Hakikaten sıkıcı buluyorum artık bu tarzı yaşam biçimi edinenleri. Neden bu kin, öfke, sinir, gerilim?
Ne gerek var?
Sürekli dışında kalmaya çalışırım bu tarz şeylerin. Ama insanların çoğunda bir yaptırım havası sezdiğimde kendime hakim olamıyorum. O ne mi?
“Ben onunla konuşmuyorum sende konuşma!”
Bu ne demek yahu?
İnsanlar belli bir yaşa gelmiş, kişiliği oturmuş, yaşam tarzı belli. Bugün üç yaşında çocuğa bile kendi doğruları dışındakini zor kabullendirirken koskoca insanlara yaptırım uygulama çabası niye?
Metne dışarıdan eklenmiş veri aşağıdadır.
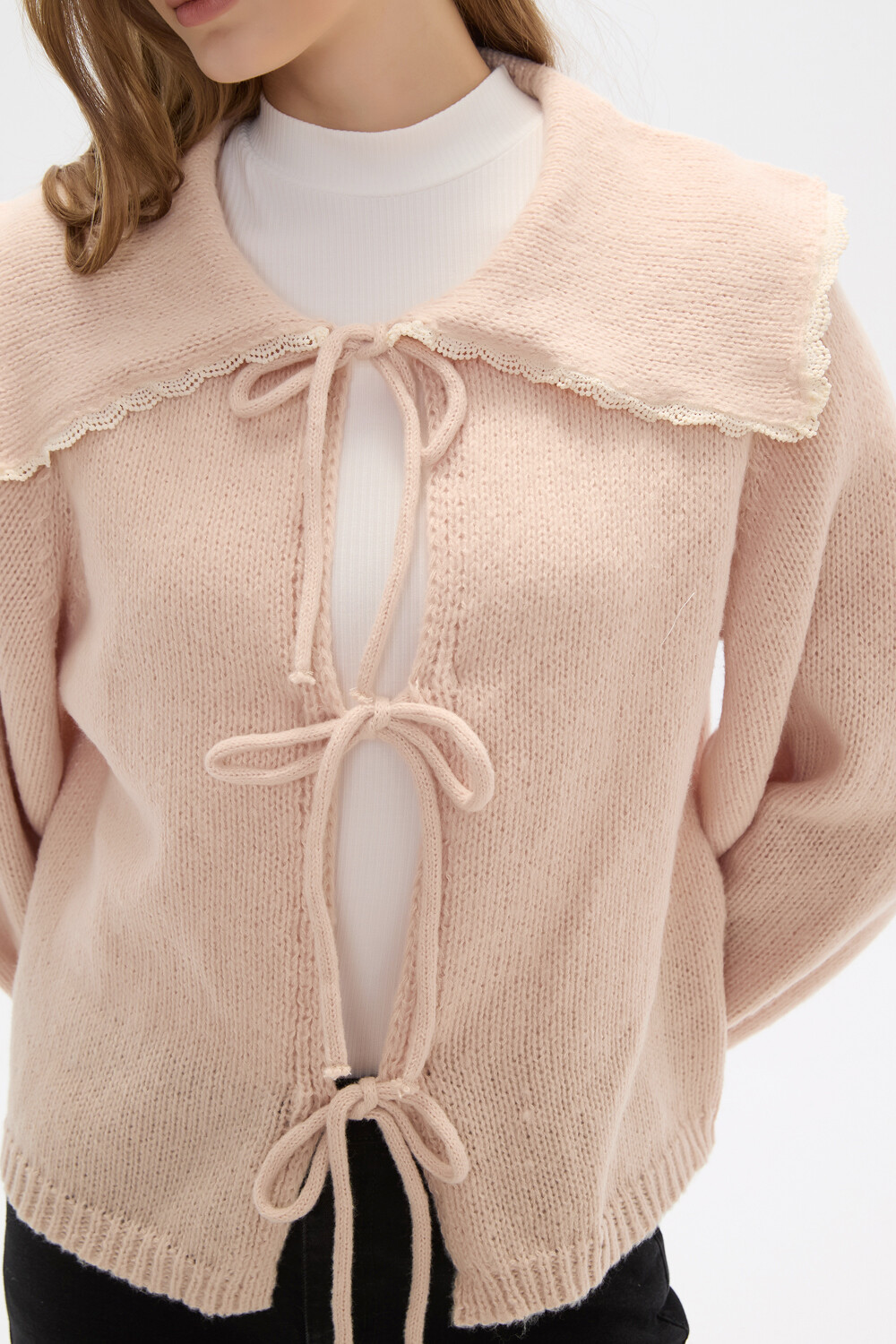 Saco Portillo Beige Melange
Onunla konuşma, onu övme, bunu yerme, buradan gitme, sağa dönme, sola sapma, sakın arama, özür dilesin kabul etme, affetme vs.
Bir kendinize gelin artık! Herkes kendi içindeki nefret denizinde boğulmakta serbesttir. Ama hiç kimseye bir başkasına etki etmek yakışmaz. Vaktiniz mi bol bunca fesatlığı üretmek için? Kitap okuyun! Bakın birçok öğrenci okullarında kitap, kıyafet yardımı bekliyor.
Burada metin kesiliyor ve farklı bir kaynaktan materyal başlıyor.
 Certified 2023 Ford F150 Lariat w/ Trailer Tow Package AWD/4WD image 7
Biraz sosyal sorumluluk projelerine kafa yorun. Hayat amacınız bütüne katkı sağlamak olsun. Bütünü yıkmak değil!
Sonra kızdıklarınızdan ne farkınız kalacak? Bir düşünün. Kendi içinizde, benliğinizde kalın. Bırakın kim kiminle konuşmuş, bozuşmuş. Vallahi boş zaman, yemin ederim ziyan olan zaman. Ve benliğinize verdiği hasarda cabası.
Hastalıkların bir çoğunun psikolojik karşılığı vardır. Bakın bir göz atın fesatlık ve kin en çok hangi hastalığa yol açıyormuş?
İlla birini irdelemek, yargılamak istiyorsanız kendinizden başlayın.